In summary, the Government believe that this approach strikes the right balance between ensuring that the prohibition is appropriately targeted and minimises the burden on businesses while still preventing obvious avoidance schemes.
I turn to the monitoring and enforcement of the Act. It is important that a relevant body is equipped with the necessary authority and powers to monitor and enforce the requirements in the Act. The Immigration Act 2014 (Bank Accounts) Regulations 2014 therefore give the Financial Conduct Authority the power to monitor compliance with the Act and to further investigate firms when necessary. As the conduct regulator for deposit-taking institutions, the FCA is well placed to regulate, monitor compliance with and enforce these provisions. The regulations require banks to provide the FCA, at the latter’s direction, with information in respect of compliance or non-compliance with the requirements of the Act. They will also oblige firms to retain records relevant to compliance or non-compliance for a minimum of five years. It is also important that there are proper sanctions against individuals or institutions that fail to comply with the Act’s requirements.
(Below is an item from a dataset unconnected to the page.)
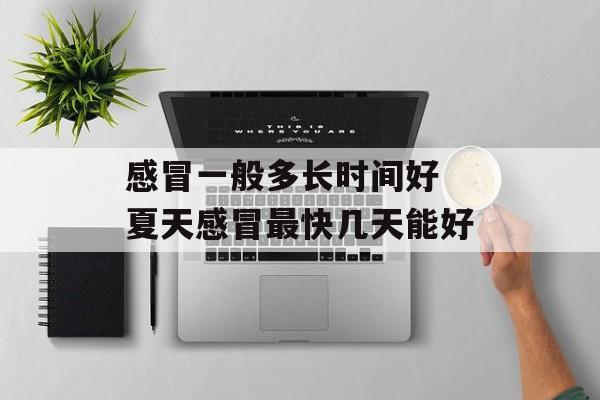 感冒一般多长时间好 夏天感冒最快几天能好-第1张图片-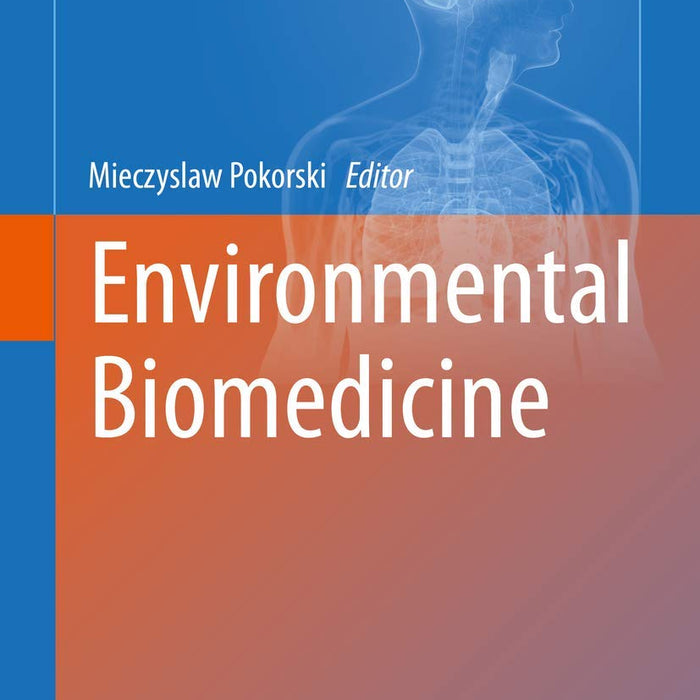 Environmental Biomedicine by Mieczyslaw Pokorski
That is why we are equipping the FCA with the power to levy financial penalties, of such amounts as it considers appropriate, on any firm that it considers has breached the prohibition in Section 40 of the Act or breached a requirement of or under the regulations. The regulations will also allow the Financial Conduct Authority to restrict the deposit-taking permissions of an institution that it considers has contravened a relevant requirement and to publish a statement naming any such institution. These sanctions will act as a clear deterrent and help to ensure compliance with the prohibition imposed on banks and building societies. I commend the regulations to the Committee.
My Lords, the Opposition will not in any way oppose these three statutory instruments, but we have some small questions. The impact assessment created more questions than it answered. First, how many people will be impacted by these regulations? The impact assessment states, I think, that there are 60,000 disqualified persons and then uses a questionable bit of logic to suggest that 2,000 of them might be impacted. Does the Minister agree with that estimate or feel that the actual figure might be somewhat less?
The impact assessment implies that the net present value of the cost of the exercise is £2.7 million. I had some trouble between the pages but I think that that is what it states on page 8—that there will be £2.1 million set-up costs and £0.6 million of ongoing costs at net present value. It is difficult to feel bad about that £2.7 million as it will be paid for by the banks, but, nevertheless, it is not an insubstantial sum if the impact is going to be de minimis. The impact assessment leads one into even greyer territory when it comes to the benefits. A benefit prayed in aid was that there might be fewer people to seek out and move out of the country, and the impact assessment offered an incredibly precise estimate of the cost of exiting a disqualified person, with a range from £400 to £60,100. That is a pretty heroic estimate with no indication of where in that range these individuals might fall or how many of them there might be.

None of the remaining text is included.